Supervisor to DynamicSupervisor migration

Hi buddies,

in my project I was using Supervisor to start and terminate+delete children dynamically. Elixir complained I should be using a DynamicSupervisor:

warning: Supervisor.terminate_child/2 with a PID is deprecated, please use DynamicSupervisor instead
  (elixir 1.16.1) lib/supervisor.ex:1030: Supervisor.terminate_child/2

So I switched to that. Unfortunately the doc for DynamicSupervisor points out that the id of the child_spec, while required, is ignored:

Note that while the :id field is still required in the spec, the value is ignored and therefore does not need to be unique.

The effect of this is the following: with Supervisor.which_children I was able to see the child spec id of the child along with its pid:

iex(53)> Supervisor.which_children(MySup)
[
  {"foo_child-0012041214", #PID<0.509.0>, :worker, [ChildModule]}
]

Instead, with DynamicSupervisor, which_children api returns :undefined as the first element of the tuple:

iex(31)> DynamicSupervisor.which_children(MySup)
[{:undefined, #PID<0.270.0>, :worker, [ChildModule]}]

The problem is that I need to command the termination of children via external APIs, which don’t of course have notion of pids :slight_smile: .

With Supervisor I could directly read the child spec id. Do I now have to explicitly instrument the Registry boilerplate? is there some idiomatic shortcut to obtain a similar result?

Thanks

Bit rusty on this as I have been on phoenix, by dynamic supervisors have a changing pool of workers, so having names for them might be a bit tricky without some sort of registry that can be used to identify the child by composite ID (usually the child module plus name an identifying index).

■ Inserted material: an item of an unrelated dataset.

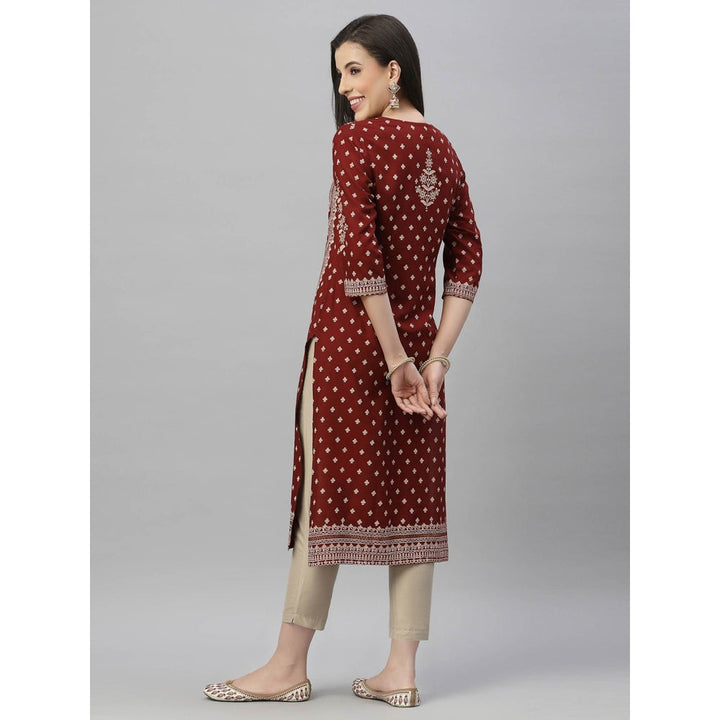 Juniper Womens Maroon Rayon Festive Placement Print Straight Kurta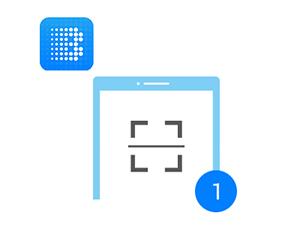 Blue and white minimalist app interface icon showing an expand/fullscreen symbol with numerical indicator.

Should you require more clarity I can quickly refer back to appropriate material.

I am not sure what’s the problem here? I have written a worker + a DynamicSupervisor implementation that successfully commands children to stop, by user-given name.

The trick was to use a Registry for name registration. Oh, and you can’t rely on Process.whereis and DynamicSupervisor.which_children for exact lookups, you have to use GenServer.whereis.

Here’s what I have in files lying around, and I just tested it. Obviously change YYY to your app namespace.

The worker:

# one_worker.ex

defmodule YYY.OneWorker do
  use GenServer, restart: :transient

  # Only restart if it exits abnormally; otherwise we'll be stopping these manually.
  def start_link(request_id) do
    GenServer.start_link(__MODULE__, request_id, name: via_tuple(request_id))
  end

  def child_spec(request_id) do
    %{
      id: __MODULE__,
      start: {__MODULE__, :start_link, [request_id]},
      restart: :transient
    }
  end

  def stop(request_id, stop_reason \\ :normal) do
    # Given the :transient option in the child spec, the GenServer will restart
    # if any reason other than `:normal` is given.
    request_id |> via_tuple() |> GenServer.stop(stop_reason)
  end

  def ensure_started(request_id) do
    case YYY.OneDynamicSupervisor.start_child(request_id) do
      {:ok, _pid} -> :ok
      {:error, {:already_started, _pid}} -> :ok
      other -> raise other
    end
  end

  def ping(request_id, text) do
    ensure_started(request_id)
    request_id |> via_tuple() |> GenServer.call({:ping, text})
  end

  @impl GenServer
  def init(initial_state) do
    IO.puts("initial_state=#{initial_state}")
    {:ok, initial_state}
  end

  @impl GenServer
  def handle_call({:ping, text}, _from, state) do
    response = "#{inspect(state)}: #{text}"
    IO.puts(response)
    {:reply, response, state}
  end

  defp via_tuple(request_id) do
    {:via, Registry, {:one_registry, request_id}}
  end
end

The dynamic supervisor:

# one_dynamic_supervisor.ex

defmodule YYY.OneDynamicSupervisor do
  use DynamicSupervisor

  def start_link(init_arg) do
    DynamicSupervisor.start_link(__MODULE__, init_arg, name: __MODULE__)
  end

  def start_child(request_id) do
    # Shorthand to retrieve the child specification from the `child_spec/1` method of the given module.
    child_spec = {YYY.OneWorker, request_id}

    DynamicSupervisor.start_child(__MODULE__, child_spec)
  end

  @impl DynamicSupervisor
  def init(_init_arg) do
    DynamicSupervisor.init(strategy: :one_for_one)
  end
end

Also make sure to add those children to your Application.start return value (i.e. the children of your app):

  • YYY.OneDynamicSupervisor
  • {Registry, [keys: :unique, name: :one_registry]}

You can see that I have included a function to stop a child (YYY.OneWorker.stop/1). It uses a :via tuple to locate and stop it. I have not included a function to locate a child’s PID but it’s as simple as this:

def whereis(request_id) do
  {:via, Registry, {:one_registry, request_id}}
  |> GenServer.whereis()
end

That should solve your problem.


Caveats and remarks:

  • The YYY. namespace should be changed to your app’s;
  • The OneWorker and OneDynamicSupervisor names are placeholders, IMO change them before doing a GIT commit in your repo;
  • The :one_registry name of the registry should be changed;
  • Remove the IO.puts calls, I’ve put them just for demonstration;
  • request_id is simply your user-supplied ID / name, feel free to change it to anything else (and it can be anything else besides an integer as well).
4 Likes

Thank you, @dimitarvp .

I think my implementation was originally similar to yours. The problem I had with that (and possibly the reason why I posted the question), is that invoking YYY.OneWorker.stop, would in facts stop the worker, but than this would be restarted right after…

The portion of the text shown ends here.